TO DO :: From the records below, give the number of lines that include the word "Anime". Add no other words.

DATA FOR REVIEW ::
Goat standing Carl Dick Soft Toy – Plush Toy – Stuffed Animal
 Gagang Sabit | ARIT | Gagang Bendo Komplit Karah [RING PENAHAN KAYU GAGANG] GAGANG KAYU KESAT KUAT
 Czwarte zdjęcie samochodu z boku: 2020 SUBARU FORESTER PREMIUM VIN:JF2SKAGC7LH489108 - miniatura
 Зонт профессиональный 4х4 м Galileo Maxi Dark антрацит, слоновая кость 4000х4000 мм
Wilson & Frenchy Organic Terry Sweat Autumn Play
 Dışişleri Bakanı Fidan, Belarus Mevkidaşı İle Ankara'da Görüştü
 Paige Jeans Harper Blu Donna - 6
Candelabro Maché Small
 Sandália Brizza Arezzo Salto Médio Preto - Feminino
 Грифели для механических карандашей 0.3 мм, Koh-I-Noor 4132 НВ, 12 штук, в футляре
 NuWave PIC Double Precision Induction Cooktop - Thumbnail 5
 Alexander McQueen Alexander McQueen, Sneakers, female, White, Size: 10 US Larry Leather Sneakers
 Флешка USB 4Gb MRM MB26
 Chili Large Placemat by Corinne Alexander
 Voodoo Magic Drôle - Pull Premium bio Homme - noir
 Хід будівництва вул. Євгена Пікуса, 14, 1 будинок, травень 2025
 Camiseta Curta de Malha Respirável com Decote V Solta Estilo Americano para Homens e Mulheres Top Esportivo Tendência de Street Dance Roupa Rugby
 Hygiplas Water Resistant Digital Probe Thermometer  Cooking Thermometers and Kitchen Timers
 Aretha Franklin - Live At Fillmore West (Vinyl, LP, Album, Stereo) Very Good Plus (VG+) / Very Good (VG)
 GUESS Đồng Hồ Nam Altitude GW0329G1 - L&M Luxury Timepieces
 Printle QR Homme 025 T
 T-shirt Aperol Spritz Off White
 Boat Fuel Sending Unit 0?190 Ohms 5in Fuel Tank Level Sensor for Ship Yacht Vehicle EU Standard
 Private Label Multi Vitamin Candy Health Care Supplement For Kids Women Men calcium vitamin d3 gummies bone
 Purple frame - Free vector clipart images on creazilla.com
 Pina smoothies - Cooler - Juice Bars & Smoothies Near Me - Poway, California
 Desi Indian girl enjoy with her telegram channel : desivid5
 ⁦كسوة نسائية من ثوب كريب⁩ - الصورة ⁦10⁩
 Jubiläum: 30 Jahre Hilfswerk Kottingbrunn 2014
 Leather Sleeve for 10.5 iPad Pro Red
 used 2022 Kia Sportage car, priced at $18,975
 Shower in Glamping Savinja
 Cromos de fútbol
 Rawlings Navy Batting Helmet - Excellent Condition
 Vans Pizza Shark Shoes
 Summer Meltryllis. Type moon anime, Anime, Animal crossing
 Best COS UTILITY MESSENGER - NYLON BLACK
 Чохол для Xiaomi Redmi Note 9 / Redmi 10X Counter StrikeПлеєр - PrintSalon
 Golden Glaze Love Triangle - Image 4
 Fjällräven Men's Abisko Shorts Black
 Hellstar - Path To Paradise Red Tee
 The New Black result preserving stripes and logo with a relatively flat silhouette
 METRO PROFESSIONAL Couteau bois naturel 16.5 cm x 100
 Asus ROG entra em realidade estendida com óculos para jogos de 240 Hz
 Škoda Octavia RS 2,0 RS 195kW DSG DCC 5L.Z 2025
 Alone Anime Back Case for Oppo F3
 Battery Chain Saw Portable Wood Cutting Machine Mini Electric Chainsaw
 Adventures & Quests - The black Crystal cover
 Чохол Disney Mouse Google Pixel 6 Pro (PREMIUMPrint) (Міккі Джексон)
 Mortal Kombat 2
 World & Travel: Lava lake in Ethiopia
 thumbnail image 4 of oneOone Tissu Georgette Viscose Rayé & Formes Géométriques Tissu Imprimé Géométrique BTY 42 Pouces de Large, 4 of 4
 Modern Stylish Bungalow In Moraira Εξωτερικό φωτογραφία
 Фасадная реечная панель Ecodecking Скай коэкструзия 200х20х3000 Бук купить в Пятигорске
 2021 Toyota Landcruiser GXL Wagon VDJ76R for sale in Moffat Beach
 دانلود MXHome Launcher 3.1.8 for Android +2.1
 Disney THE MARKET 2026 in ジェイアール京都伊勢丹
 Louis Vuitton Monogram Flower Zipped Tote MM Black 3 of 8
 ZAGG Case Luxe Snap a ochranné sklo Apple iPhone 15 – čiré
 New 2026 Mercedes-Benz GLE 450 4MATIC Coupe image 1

REPLY :: 2